Saigon! For me this was it. This was what our trip to Vietnam had been building up to. My love of Miss Saigon the musical (I’ve only seen it 3 times…or is it 4…and listened to the sound track several hundred times!) had planted a seed in my head that one day I would visit this place that was so far from anything I had ever known. This meant Saigon had been on my bucket list for at least 3 decades, long before the term bucket list even existed.
I’m not sure Dougie and the boys were so thrilled with my bursting into song at every opportunity as we roamed Saigon’s streets…or as I reluctantly call it Ho Chi Minh city (it just doesn’t have the same romantic ring to it!)…but here we were, fulfilling another lifelong dream.
Saigon really is a cool city. The capital of the south, with traffic nearly, but not quite, as crazy as Hanoi. It is Vietnam’s business and financial hub, but more than that, it has an incredibly rich history going back hundreds of years. We walked our socks off (or flip flops off) in Saigon, visiting some really awesome places and eating the amazing street food from all over the place.
By this point in our trip we had also become expert at crossing Vietnamese roads: Don’t wait for a gap, just walk out and keep moving slowly, the traffic will move around you like a river flowing around rocks, the key is don’t stop for any reason! All Vietnamese drivers seem to be experts at anticipating pedestrians crossing the road, but stopping really throws them, and is a sure way to get yourself run over.
Without wanting to bore you with the hours of tramping we did round the streets at all times of the day and night, here is our roundup of our favourite Saigon experiences:
The War Remnants Museum
Another dip into the history books, this museum takes an in depth look at the horrors of the Vietnam/U.S. war. The outside area has a whole host of military vehicles, including planes and helicopters, used during the conflict, as well as several types of bombs. Great for boys who love a bit of war machinery!

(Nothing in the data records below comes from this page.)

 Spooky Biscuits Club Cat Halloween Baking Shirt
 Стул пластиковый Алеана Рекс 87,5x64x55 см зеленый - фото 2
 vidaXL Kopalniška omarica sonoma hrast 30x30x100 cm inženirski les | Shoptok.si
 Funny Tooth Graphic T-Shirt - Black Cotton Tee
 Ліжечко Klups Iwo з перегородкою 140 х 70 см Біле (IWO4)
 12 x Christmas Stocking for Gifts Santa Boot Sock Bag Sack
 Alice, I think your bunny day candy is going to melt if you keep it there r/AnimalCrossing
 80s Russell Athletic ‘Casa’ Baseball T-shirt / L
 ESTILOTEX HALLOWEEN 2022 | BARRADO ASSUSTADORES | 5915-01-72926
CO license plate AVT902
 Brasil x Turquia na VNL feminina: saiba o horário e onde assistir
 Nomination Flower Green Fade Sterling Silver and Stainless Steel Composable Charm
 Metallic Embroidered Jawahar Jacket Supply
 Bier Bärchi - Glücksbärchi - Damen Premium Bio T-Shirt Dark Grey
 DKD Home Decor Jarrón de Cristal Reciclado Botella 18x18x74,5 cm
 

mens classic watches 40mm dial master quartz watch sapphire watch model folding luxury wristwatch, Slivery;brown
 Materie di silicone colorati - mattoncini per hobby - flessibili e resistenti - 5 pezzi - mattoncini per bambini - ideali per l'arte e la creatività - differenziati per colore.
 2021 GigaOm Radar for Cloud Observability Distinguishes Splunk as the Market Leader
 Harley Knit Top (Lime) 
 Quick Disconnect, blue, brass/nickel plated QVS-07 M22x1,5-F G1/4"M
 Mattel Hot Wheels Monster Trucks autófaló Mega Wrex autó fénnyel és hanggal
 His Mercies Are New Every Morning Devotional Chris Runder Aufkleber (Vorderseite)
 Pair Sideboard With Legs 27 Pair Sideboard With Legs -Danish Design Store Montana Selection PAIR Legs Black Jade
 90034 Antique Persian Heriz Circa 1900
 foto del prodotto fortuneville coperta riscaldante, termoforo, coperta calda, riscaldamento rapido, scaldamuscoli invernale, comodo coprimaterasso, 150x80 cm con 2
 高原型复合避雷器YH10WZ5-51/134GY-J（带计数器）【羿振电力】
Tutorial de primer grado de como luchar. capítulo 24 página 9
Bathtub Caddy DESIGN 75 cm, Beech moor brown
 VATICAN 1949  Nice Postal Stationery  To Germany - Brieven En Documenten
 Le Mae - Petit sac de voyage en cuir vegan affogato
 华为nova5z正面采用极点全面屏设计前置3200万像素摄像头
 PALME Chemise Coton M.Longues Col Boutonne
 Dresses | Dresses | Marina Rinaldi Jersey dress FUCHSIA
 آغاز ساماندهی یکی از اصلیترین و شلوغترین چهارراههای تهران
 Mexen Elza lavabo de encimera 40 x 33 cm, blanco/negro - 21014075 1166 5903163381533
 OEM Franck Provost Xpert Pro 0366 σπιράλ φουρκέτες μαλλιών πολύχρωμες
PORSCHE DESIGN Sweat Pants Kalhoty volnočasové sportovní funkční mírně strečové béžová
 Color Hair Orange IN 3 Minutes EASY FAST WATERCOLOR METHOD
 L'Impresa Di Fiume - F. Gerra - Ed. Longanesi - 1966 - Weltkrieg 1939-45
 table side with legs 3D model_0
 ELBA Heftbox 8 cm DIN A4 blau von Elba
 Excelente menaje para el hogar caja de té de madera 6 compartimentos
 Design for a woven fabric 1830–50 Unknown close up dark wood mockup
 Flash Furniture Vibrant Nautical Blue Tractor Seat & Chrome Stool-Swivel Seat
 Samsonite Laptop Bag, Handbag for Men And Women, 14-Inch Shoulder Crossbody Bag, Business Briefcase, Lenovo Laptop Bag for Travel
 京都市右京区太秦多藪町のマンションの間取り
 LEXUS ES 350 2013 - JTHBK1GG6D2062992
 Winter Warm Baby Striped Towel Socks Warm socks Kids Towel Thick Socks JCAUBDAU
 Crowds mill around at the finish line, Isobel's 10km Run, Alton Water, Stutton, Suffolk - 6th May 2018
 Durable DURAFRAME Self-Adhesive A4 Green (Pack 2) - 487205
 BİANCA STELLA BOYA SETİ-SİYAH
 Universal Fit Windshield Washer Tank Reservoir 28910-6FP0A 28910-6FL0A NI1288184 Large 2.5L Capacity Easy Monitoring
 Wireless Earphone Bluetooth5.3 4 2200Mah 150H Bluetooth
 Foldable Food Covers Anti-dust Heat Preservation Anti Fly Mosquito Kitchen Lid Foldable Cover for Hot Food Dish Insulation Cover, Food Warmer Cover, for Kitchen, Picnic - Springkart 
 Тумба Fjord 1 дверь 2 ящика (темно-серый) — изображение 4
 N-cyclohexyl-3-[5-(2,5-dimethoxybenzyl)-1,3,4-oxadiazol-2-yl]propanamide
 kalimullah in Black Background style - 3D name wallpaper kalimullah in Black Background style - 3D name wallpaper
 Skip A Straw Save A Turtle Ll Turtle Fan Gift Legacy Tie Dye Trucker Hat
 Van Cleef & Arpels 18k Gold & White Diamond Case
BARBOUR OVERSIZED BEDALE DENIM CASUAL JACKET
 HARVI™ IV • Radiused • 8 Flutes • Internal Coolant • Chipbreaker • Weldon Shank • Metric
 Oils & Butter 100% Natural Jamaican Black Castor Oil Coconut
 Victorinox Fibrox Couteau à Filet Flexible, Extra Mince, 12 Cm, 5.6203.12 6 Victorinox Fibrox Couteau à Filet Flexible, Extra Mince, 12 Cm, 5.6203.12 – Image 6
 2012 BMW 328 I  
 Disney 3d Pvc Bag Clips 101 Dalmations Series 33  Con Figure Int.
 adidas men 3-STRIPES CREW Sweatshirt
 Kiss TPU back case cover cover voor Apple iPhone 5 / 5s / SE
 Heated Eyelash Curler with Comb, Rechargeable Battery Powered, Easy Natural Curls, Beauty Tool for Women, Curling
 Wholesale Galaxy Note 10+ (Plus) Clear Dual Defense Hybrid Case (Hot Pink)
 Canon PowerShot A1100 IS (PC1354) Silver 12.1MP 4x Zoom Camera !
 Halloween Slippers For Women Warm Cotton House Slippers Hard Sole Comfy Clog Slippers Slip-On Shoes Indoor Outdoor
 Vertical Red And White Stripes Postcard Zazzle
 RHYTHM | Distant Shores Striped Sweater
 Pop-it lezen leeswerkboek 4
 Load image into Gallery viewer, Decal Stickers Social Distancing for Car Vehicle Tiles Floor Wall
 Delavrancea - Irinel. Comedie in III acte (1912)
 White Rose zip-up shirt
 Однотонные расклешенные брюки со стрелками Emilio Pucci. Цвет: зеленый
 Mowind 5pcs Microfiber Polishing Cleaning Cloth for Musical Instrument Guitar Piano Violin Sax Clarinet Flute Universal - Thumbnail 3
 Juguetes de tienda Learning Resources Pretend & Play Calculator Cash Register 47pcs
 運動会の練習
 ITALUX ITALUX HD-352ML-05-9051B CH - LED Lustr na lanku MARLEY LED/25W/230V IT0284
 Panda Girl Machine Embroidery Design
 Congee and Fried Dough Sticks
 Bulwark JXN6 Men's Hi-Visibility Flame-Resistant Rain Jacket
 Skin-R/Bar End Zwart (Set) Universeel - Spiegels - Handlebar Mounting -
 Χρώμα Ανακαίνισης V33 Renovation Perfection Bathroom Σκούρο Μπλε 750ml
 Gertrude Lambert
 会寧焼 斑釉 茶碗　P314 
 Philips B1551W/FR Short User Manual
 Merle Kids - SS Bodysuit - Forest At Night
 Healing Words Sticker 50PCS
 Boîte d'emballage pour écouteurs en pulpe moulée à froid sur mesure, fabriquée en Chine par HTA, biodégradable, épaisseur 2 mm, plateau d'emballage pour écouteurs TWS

The exhibitions inside take a more harrowing look at the Vietnam war through the photography displays. There are some very graphic photos, some very moving photos, that some people might say are not suitable for kids to see. I would say you know your own kids and what they can deal with. We told our boys that there were going to be some very difficult images for them to look at, that they didn’t have to look, they could stay outside the gallery rooms if they wanted to or they could look at what they wanted to and they could ask us as many questions as they wanted to. I think it was the right choice. They both handled it all really well.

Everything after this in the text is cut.